Data for the task:
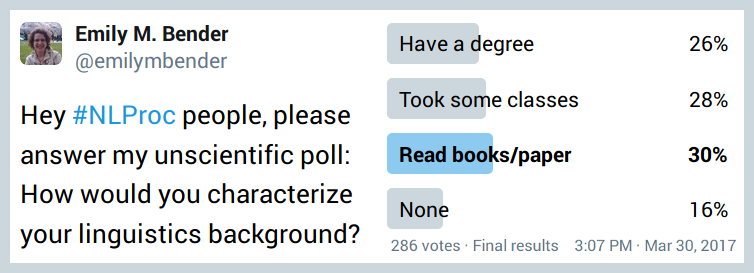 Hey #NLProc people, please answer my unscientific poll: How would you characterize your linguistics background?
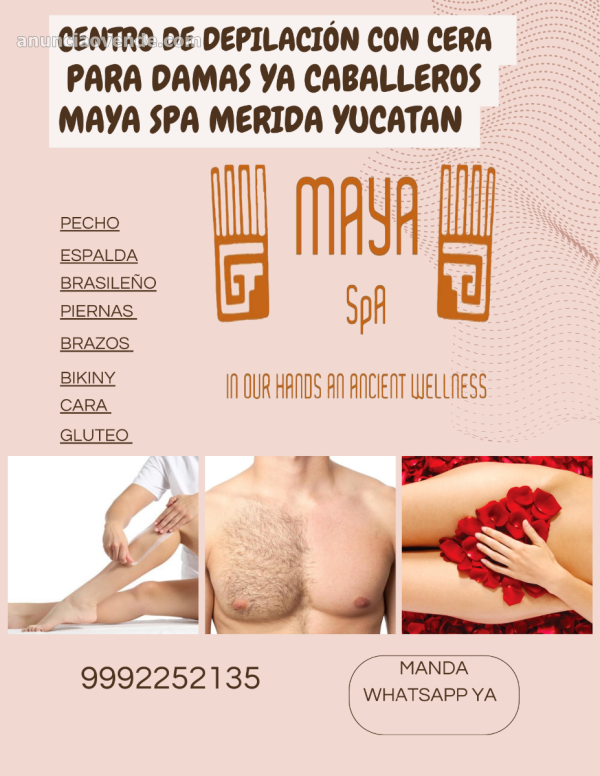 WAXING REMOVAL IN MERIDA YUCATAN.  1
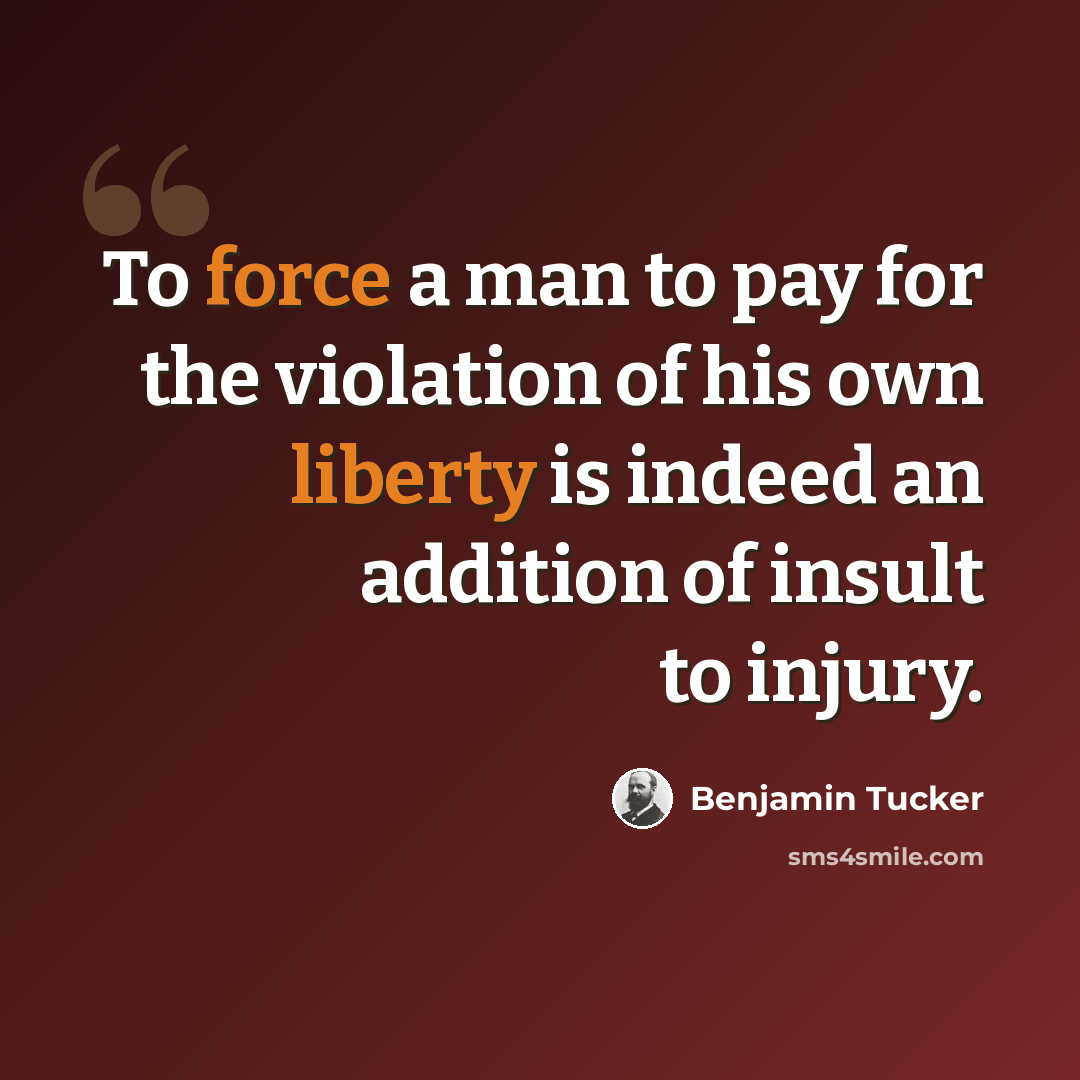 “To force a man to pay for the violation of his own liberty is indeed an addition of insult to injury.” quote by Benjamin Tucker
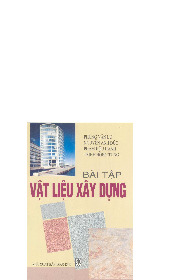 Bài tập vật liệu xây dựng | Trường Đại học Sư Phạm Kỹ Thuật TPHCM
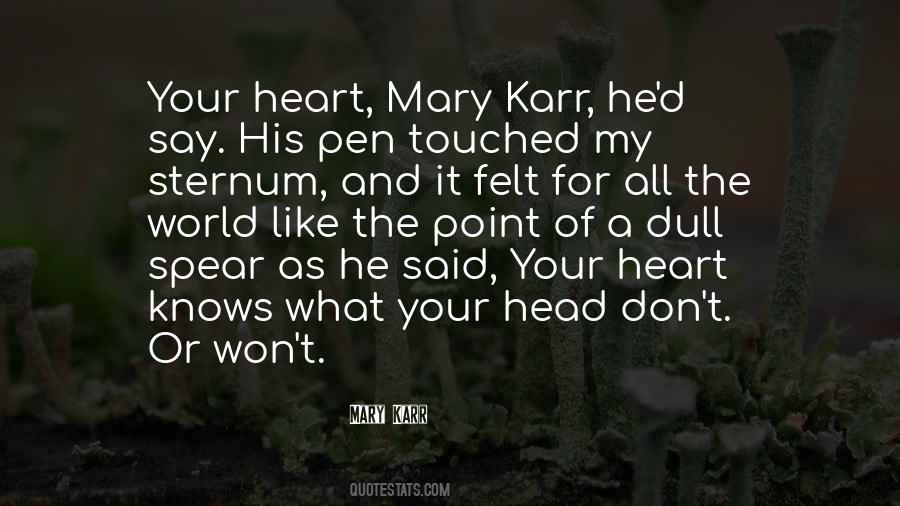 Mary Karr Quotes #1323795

==

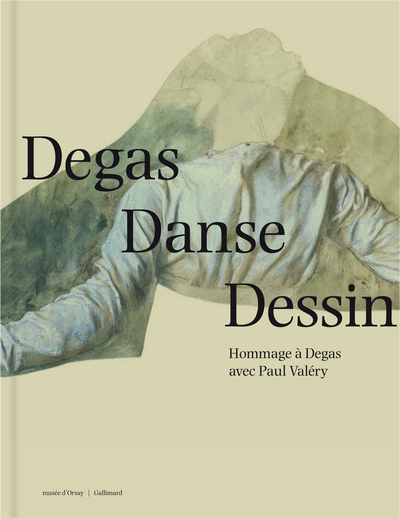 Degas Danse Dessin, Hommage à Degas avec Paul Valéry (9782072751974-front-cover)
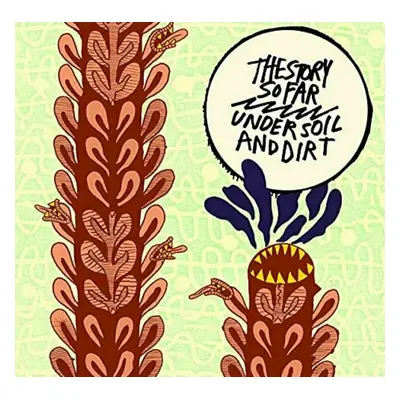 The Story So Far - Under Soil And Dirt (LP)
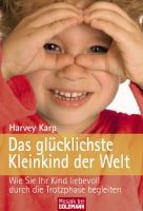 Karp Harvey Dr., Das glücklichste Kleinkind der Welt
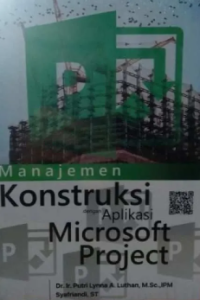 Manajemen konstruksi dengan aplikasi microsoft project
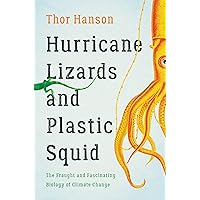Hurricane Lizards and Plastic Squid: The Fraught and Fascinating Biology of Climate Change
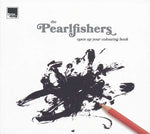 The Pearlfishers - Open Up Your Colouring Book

* * *

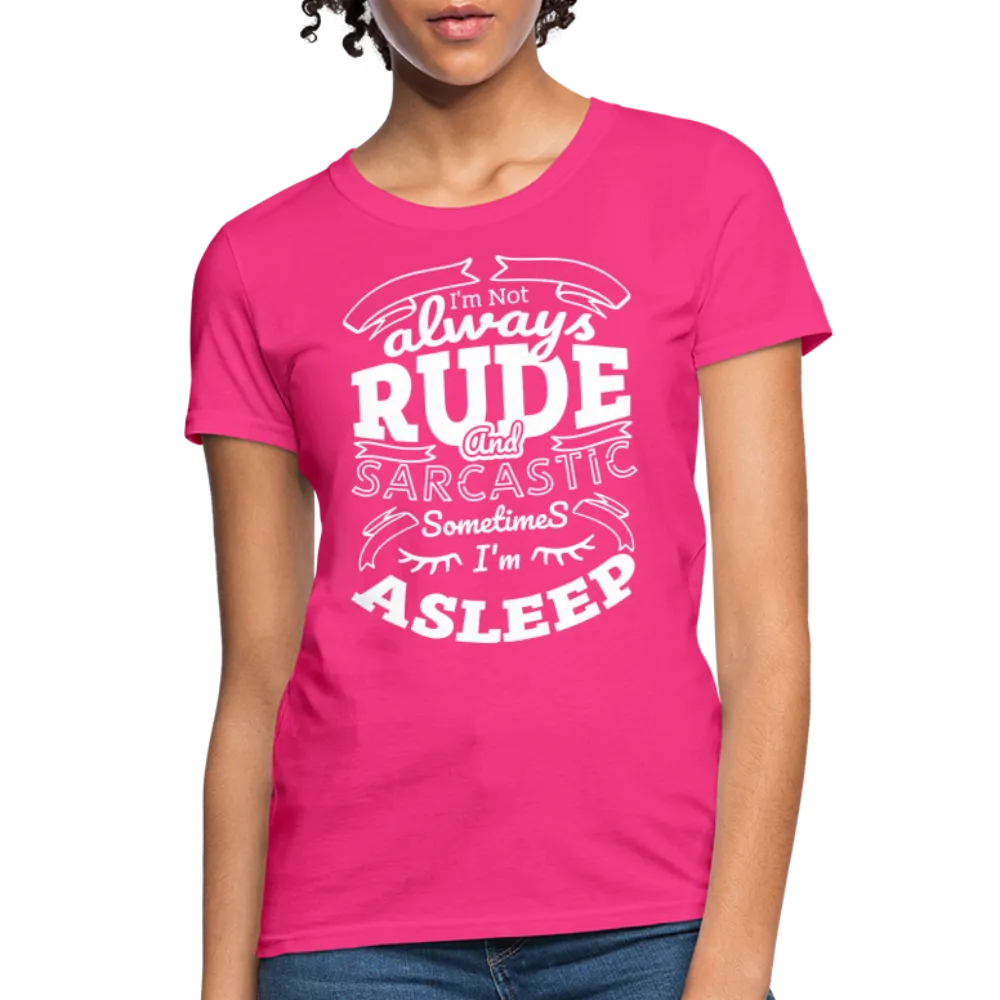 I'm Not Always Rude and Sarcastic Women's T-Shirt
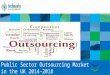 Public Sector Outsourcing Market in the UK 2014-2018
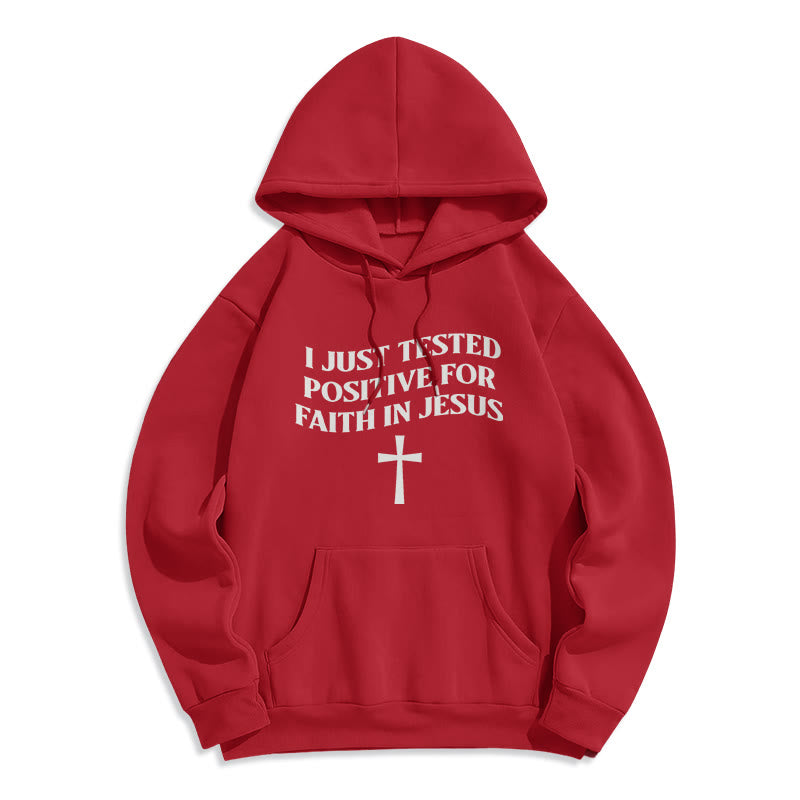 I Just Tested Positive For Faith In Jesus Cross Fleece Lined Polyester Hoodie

Requirement: Copy only what lies between the line with "Bài tập vật" and the line with "Mary Karr Quotes #1323795", those two lines included, exactly as given above; pictures stay out.

Written response:
 Bài tập vật liệu xây dựng | Trường Đại học Sư Phạm Kỹ Thuật TPHCM
 Mary Karr Quotes #1323795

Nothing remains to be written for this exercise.